Zap-Pow Honoured 30 Years After Break-up

Zap-Pow Honoured 30 Years After Break-up

Chances are that, for many, Zap Pow conjures up images of old comic books where the forces of good overcome the evil design of the villain with a few well-placed blows.

However, from just after Jamaica switched from the British to its own currency until on the brink of the landmark 1980 General Election, it meant something else. It meant music and, nearly 30 years after what Zap Pow bands co-founder guitarist Dwight Pinkney calls Jamaicas first show band broke up, they were honoured at the recent Prime Ministers Gala on Independence Day.

I didnt expect it because the years have passed, but I must really compliment the Prime Minister and the powers that be for recognising the contribution Zap Pow band has made over the years, and we are very honoured for the privilege, Pinkney said.

The unit that played This is Reggae Music, Mystic Mood, Sweet Loving Love and Last War at Jamaica House on Monday, August 6, was a mixture of original Zap Pow members and guests. The originals were Pinkney, trumpeter David Madden, saxophonist Glen DaCosta and Richard T-Bird Johnson, who played along with guests Keith Francis (bass), Earl Fitzsimmons (keyboards), DeLeon Jubba White (drums) and Luke Dixon (keyboards). Oneil Shines Lawrence was on lead vocals, supported by the harmony o Di Chick Hewitt, Jasmine Black and Conroy Jarrett.

Of all those missing from the original unit, Pinkney missed the man who gave the band its name most.

Co-founder missed

My one regret was that Michael Zap Pow Williams, the co-founder with me, he is no longer with us, but I made sure his eldest son was in attendance, Pinkney said.

A story published in The Sunday Gleaner on September 4, 2005, recorded that (Michael) Williams came up with the name Zap Pow and, in 1969, another leaf turned in the history of Jamaican music. The core of the band was Pinkney, Williams, trumpeter David Madden and drummer Danny Mowatt, Madden adding saxophonist Glen DaCosta to the roster. Their first song, Mystic Mood, which many people did not believe was done by a Jamaican group at first, was a hit.

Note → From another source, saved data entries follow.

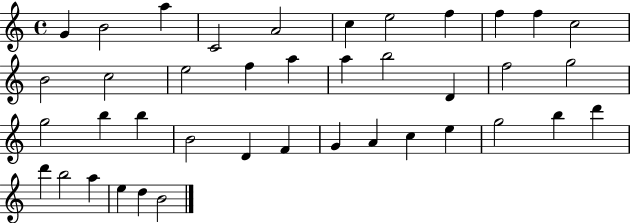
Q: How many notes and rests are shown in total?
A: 40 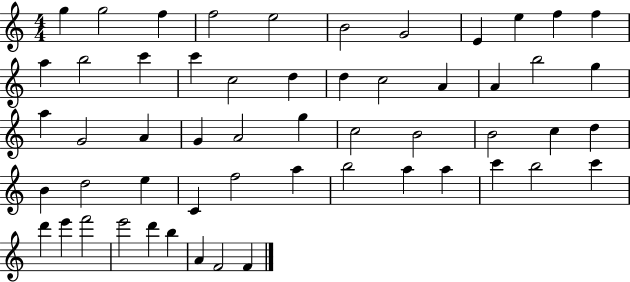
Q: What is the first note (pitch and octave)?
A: G5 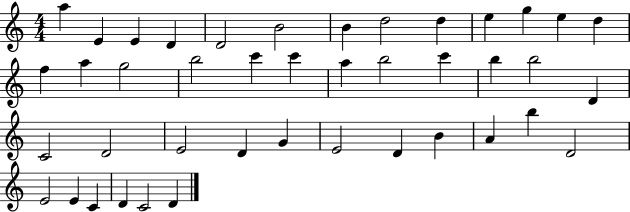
A5/q E4/q E4/q D4/q D4/h B4/h B4/q D5/h D5/q E5/q G5/q E5/q D5/q F5/q A5/q G5/h B5/h C6/q C6/q A5/q B5/h C6/q B5/q B5/h D4/q C4/h D4/h E4/h D4/q G4/q E4/h D4/q B4/q A4/q B5/q D4/h E4/h E4/q C4/q D4/q C4/h D4/q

After recording the album Zap Pow Now for Island Records in the mid 1970s and playing in Cayman, Guyana, Suriname (for CARIFESTA), Mexico, Canada, Bermuda and all over the United States of America, Zap Pow broke up in 1979.

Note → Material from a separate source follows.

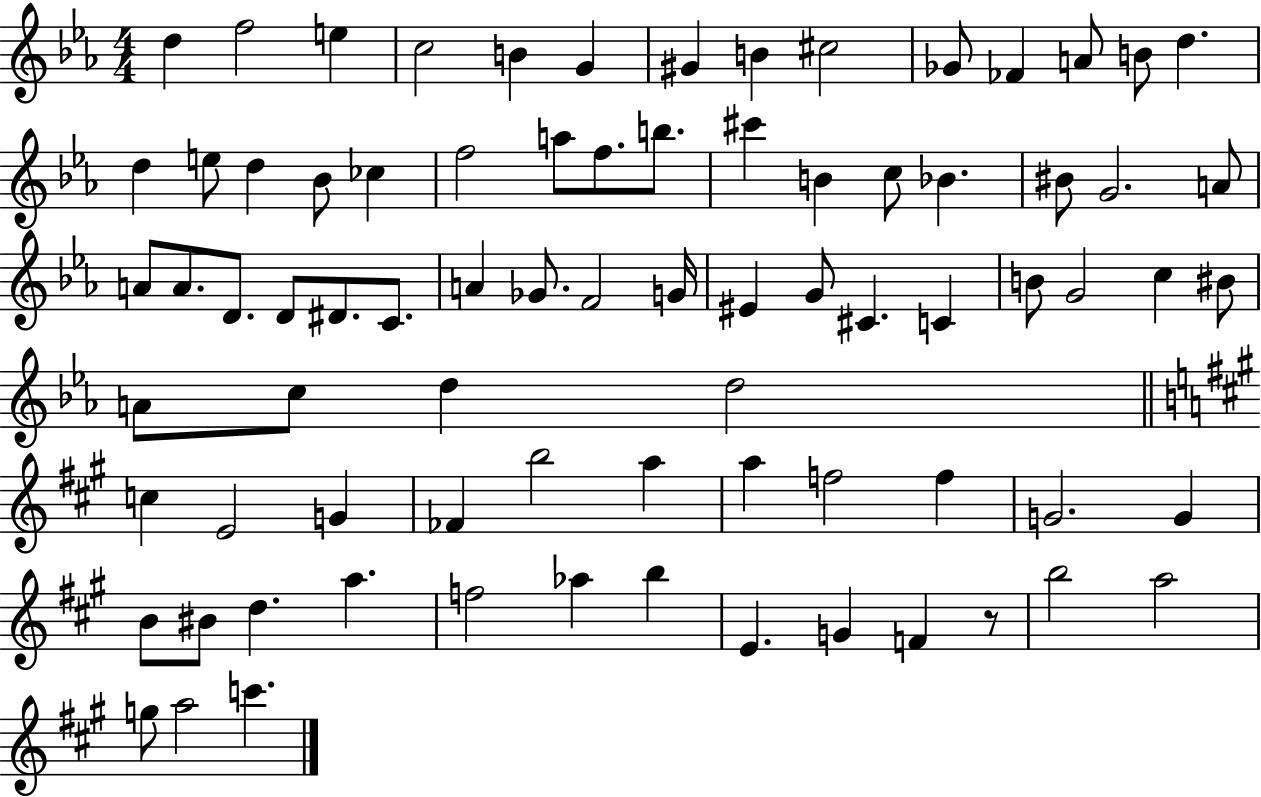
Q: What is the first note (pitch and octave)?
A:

It continued: Zap Pow grew until we were the highest-paid band in the land, Pinkney said. As such, they had their choice of vocalists and we went through quite a few. Among them were Bunny Rugs, now lead singer for Third World, and the deceased Jacob Miller, former lead singer for Inner Circle. The one who stayed the longest was Beres Hammond, whom Pinkney credits with being our best vocalist, too.

Jamaicas first show band

We were the first show band in Jamaica. Before that, all the bands were dance bands. We originate the concept that you can have your own self-contained band that put on a show, he said in that story.

Now Pinkney points out that Third World and those guys who got big used to come and take us in, right up front.

He adds that there is a resurgence in the interest in Zap Pows music as VP Records has just put out a compilation and Trojan Records is set to put out a collection in October.

As we speak one of our tracks, Last War, that is what made Collie Budz, he said, as the deejays hit Come Around is on the rhythm for that song. In addition, deejay Albarosie has also done a song on the rhythm, which is soon to be released.

It is so coincidental, everything seems to come 30-odd years later, but better late than never, Pinkney said.